In the Opera proper, Murauer's designs again score, the exotic murals of an elaborate room serving as Ariadne's desert island, candlelight lending magic. The first intrusion of the vaudevillians into Ariadne's rarefied "inner-world" is delicious, their alienation pointed up in the costumes – a kilt, combats, bike leathers.
Elder's conducting comes into its own here with the intimacy of string playing at once glowing and intense. But would that that warmth extended to the sound his Ariadne makes. While Deborah Voigt, now fitting in that little black dress, can rattle the rafters with her money notes, the beauty and bloom is wanting.
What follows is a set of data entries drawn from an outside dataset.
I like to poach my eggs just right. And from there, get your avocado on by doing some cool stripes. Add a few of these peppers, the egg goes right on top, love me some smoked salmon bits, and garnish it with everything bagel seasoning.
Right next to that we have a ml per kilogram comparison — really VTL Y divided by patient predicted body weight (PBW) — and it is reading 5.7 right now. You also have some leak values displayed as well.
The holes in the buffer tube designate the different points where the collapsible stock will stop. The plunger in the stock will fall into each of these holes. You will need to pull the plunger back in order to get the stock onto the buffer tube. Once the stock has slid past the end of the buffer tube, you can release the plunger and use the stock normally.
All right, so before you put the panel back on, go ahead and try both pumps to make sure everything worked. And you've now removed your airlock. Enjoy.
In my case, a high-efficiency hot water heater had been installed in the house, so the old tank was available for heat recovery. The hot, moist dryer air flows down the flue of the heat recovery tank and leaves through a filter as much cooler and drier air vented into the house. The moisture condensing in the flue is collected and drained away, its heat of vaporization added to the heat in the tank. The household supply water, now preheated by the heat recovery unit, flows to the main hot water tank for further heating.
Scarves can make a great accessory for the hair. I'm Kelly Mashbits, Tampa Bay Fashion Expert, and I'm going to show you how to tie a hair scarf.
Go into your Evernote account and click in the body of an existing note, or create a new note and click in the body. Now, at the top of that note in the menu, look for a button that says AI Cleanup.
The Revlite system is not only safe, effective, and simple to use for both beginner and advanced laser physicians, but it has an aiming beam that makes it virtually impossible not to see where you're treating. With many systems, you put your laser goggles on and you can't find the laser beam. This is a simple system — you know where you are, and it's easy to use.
I can remember a time when she would never have so badly dropped a stitch in one of her aria's key phrases.
Her Bacchus – Robert Dean Smith – is, by contrast, wonderfully secure, conserving the lyricism where many merely manage the strenuous heroics. And Keith's Zerbinetta really gives dramatic purpose to her high-popping coloratura tirade against faithless men. The pathos of her final line, "When a new god arrives we surrender", really rings true for once.